Outdoors North Korea, a lot consideration is paid to Kim Jong Un’s well being, with some believing that his untimely dying may set off the collapse of the regime. Earlier this week, South Korea’s intelligence company estimated that Mr Kim weighed 140kg, placing him prone to heart problems.
However Mr Ri believes the system of surveillance and management is now too properly established for Kim’s dying to threaten the dictatorship. “One other evil chief will merely take his place,” he says.
It has been broadly speculated that Mr Kim is grooming his younger daughter, considered known as Ju Ae, to be his successor, however Mr Ri dismisses the notion.
Ju Ae, he says, lacked the legitimacy and recognition to change into the chief of North Korea, particularly because the sacred Paektu bloodline, which the Kims use to justify their rule, is just believed to run by means of the lads of the household.
At first individuals had been fascinated by Ju Ae, Mr Ri says however not anymore.
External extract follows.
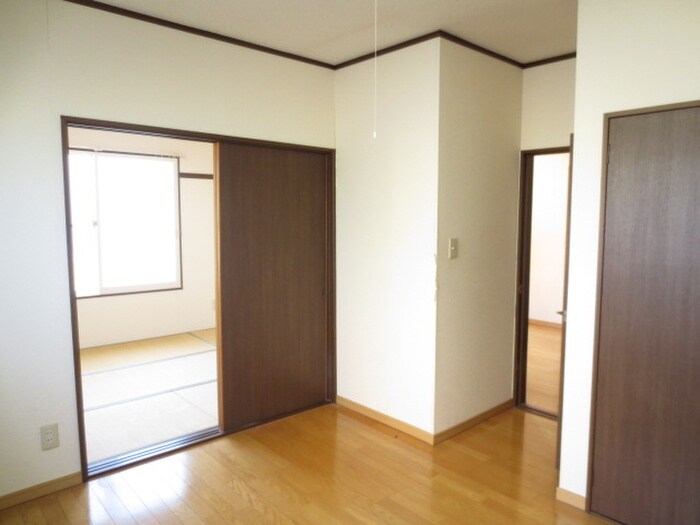 物件内観写真17　(居室)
They questioned why she was attending missile checks moderately than going to highschool, and carrying luxurious, designer garments as an alternative of her faculty uniform, like different kids.
Reasonably than ready for Mr Kim to change into ailing or die, Mr Ri says the worldwide group needed to come collectively, together with North Korea’s allies China and Russia, to “persistently persuade it to vary”.
“That is the one factor that may deliver in regards to the finish of the North Korean dictatorship,” he provides.
Mr Ri is hoping that his defection conjures up his friends, to not defect themselves, however to push for small adjustments from the within. He doesn’t have lofty ambitions, that North Koreans will be capable to vote or journey, merely that they’ll select what jobs to work, have sufficient meals to eat, and be capable to share their opinions freely amongst pals.
Although for now, his precedence helps his household settle into their new life in South Korea, and for his youngster to assimilate into society.
On the finish of our interview, he posed a situation. “Think about I give you a enterprise, and let you know, if we succeed we win huge, but when we fail it means dying.
“You wouldn’t agree, would you? Properly that’s the alternative I compelled upon my household, and so they silently agreed and adopted me,” he says.
“That is now a debt I need to repay for the remainder of my life.”